The method for manufacturing a glass substrate for a magnetic disk according to the present invention includes a step of grinding the main surface of the glass disk as in Configuration 1, and in this grinding step, the surface roughness before grinding of the main surface of the glass disk is increased. Grinding is performed while supplying a grinding liquid containing small-diameter particles.
In general, a lapping process for improving dimensional accuracy and shape accuracy is performed on a glass disk molded to a predetermined size from molten glass. In this lapping process, the glass disk main surface is first ground to a predetermined surface roughness. The grinding process of the main surface of the glass disk is performed by, for example, using a double-sided simultaneous processing machine (grinding machine), pressing the upper and lower surface plates to which the grindstone is fixed against the glass disk, and supplying the grinding liquid. The main surface of the glass disk is ground by moving the disk relatively. In this configuration, in the grinding process of the glass disk main surface, grinding is performed while supplying a grinding liquid containing particles having a particle diameter smaller than the surface roughness of the glass disk main surface before grinding.
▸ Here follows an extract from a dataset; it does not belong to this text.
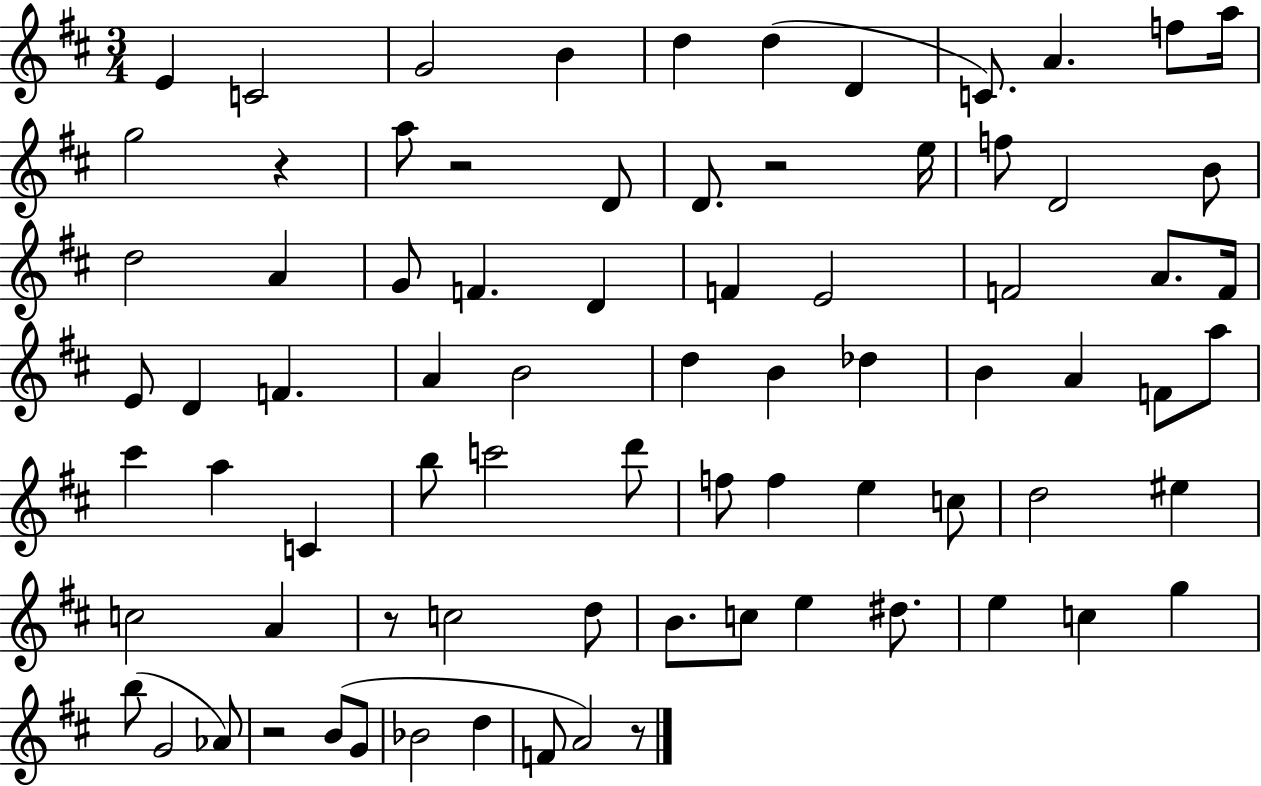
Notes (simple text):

E4/q C4/h G4/h B4/q D5/q D5/q D4/q C4/e. A4/q. F5/e A5/s G5/h R/q A5/e R/h D4/e D4/e. R/h E5/s F5/e D4/h B4/e D5/h A4/q G4/e F4/q. D4/q F4/q E4/h F4/h A4/e. F4/s E4/e D4/q F4/q. A4/q B4/h D5/q B4/q Db5/q B4/q A4/q F4/e A5/e C#6/q A5/q C4/q B5/e C6/h D6/e F5/e F5/q E5/q C5/e D5/h EIS5/q C5/h A4/q R/e C5/h D5/e B4/e. C5/e E5/q D#5/e. E5/q C5/q G5/q B5/e G4/h Ab4/e R/h B4/e G4/e Bb4/h D5/q F4/e A4/h R/e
Thus, by grinding while supplying a grinding liquid containing particles having a particle size smaller than the surface roughness before grinding of the glass disk main surface, the particles are transferred to the glass disk main surface of the grindstone on the surface of the surface plate. Therefore, the cutting efficiency can be prevented from being lowered. Therefore, it is possible to prevent an increase in processing time for obtaining a predetermined surface roughness by grinding.
In addition, as long as it is in the range which does not impair the effect of this invention, the particle | grains larger than the surface roughness before grinding of the glass disk main surface may be contained in the grinding liquid.

Moreover, the manufacturing method of the glass substrate for magnetic disks of this invention performs grinding, supplying the grinding fluid containing the particle | grains of a particle size smaller than the surface roughness of a grindstone in the said grinding process as it exists in the structure 2. It is characterized by that.
As described above, in the grinding process of the main surface of the glass disk, it is also possible to perform grinding while supplying a grinding liquid containing particles having a particle size smaller than the surface roughness of the grindstone on the surface of the surface plate. Since the cutting of the grindstone on the surface is not hindered, it is possible to prevent a reduction in grinding efficiency, and it is also possible to prevent an increase in processing time for obtaining a predetermined surface roughness by grinding. In the configuration 2, as long as the effects of the present invention are not impaired, particles having a particle size larger than the surface roughness of the grindstone may be contained in the grinding fluid.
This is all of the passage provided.